Era uma vez um cético que ficou extremamente chateado com a sua gaiola. Então, agarrou nela e pô-la ao seu lado, para que sofressem em conjunto perenemente.

 

[1] Nota prévia: o termo cético é utilizado de forma pouco específica ao longo do artigo.

[2] Rosa Maria Martelo, «Metamorfose e Repetição: Uma Fábula, de António Franco Alexandre», Em Parte Incerta, p. 235.

[3] https://artsandculture.google.com/asset/the-annunciation/fQG94E2UYJ9y5Q

[4] Paul de Man, «Autobiography as De-facement» MLN 94, noº5 (1979), https://doi.org/10.2307/2906560.

[5] Id. ibid.: 928.

[6] Itálico nosso.

Bibliografia citada:

Alexandre, António Franco. Uma Fábula. In Poemas. Lisboa: Assírio e Alvim, 2021.

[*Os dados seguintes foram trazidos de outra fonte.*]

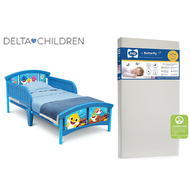 Baby Shark - 美國 Delta Children Baby Shark 幼童床架 + 美國製 Sealy Butterfly 幼童床褥套裝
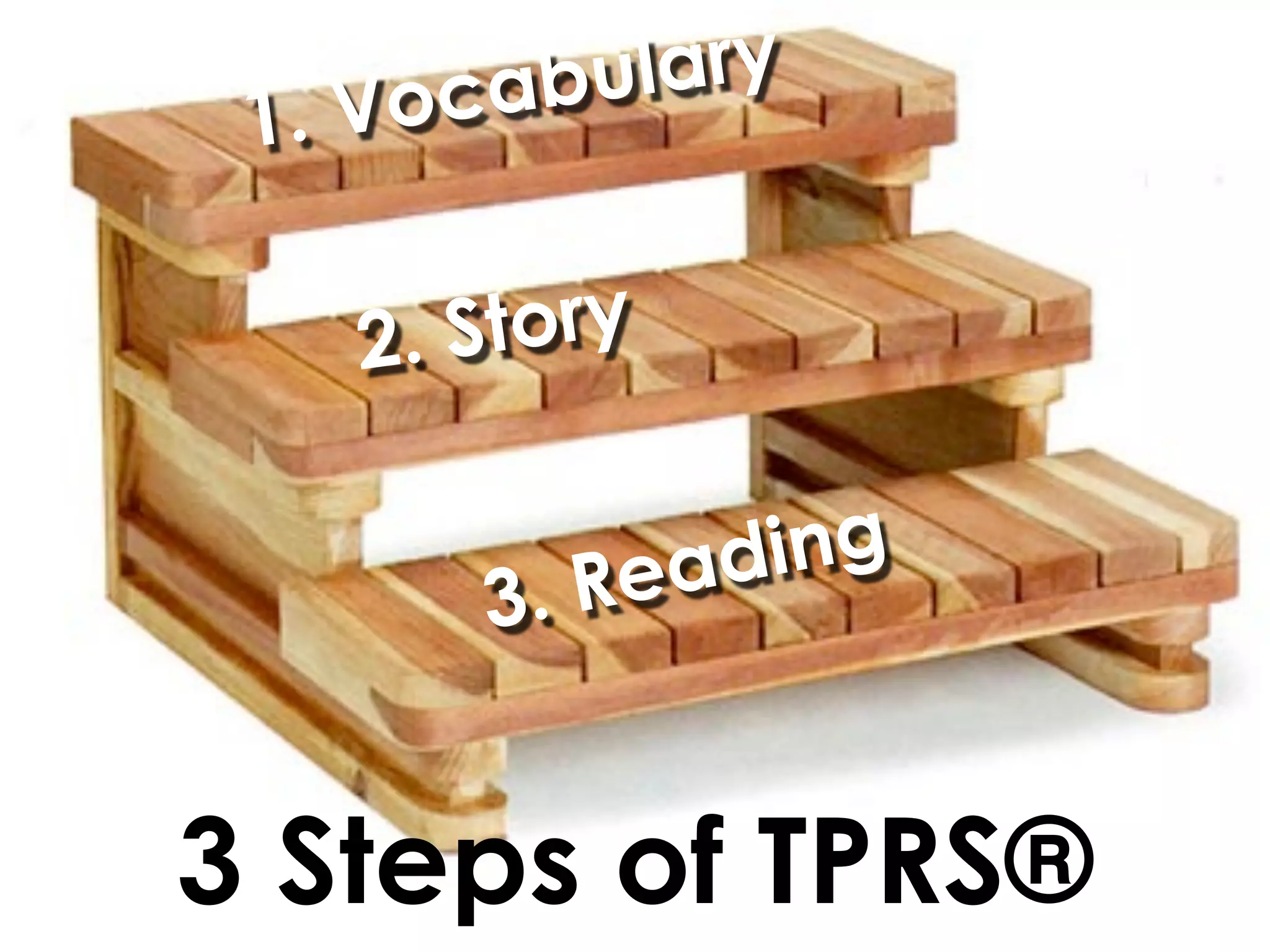 oc abu lary
 1. V

    2. S tory


               Re ad ing
          3.


3 Steps of TPRS®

Man, Paul de. “Autobiography as De-Facement.” MLN 94, no. 5 (1979): 919–30. https://doi.org/10.2307/2906560.

Martelo, Rosa Maria. Em Parte Incerta: Estudos de poesia portuguesa moderna e contemporânea. Porto: Campo das Letras, 2004.

Whitman, Walt. «O Captain! My Captain!». The Complete Poems of Walt Whitman. Intr. e notas de Stephen Matterson, 253. Hertfordshire: Wordsworthe Editions, 2006.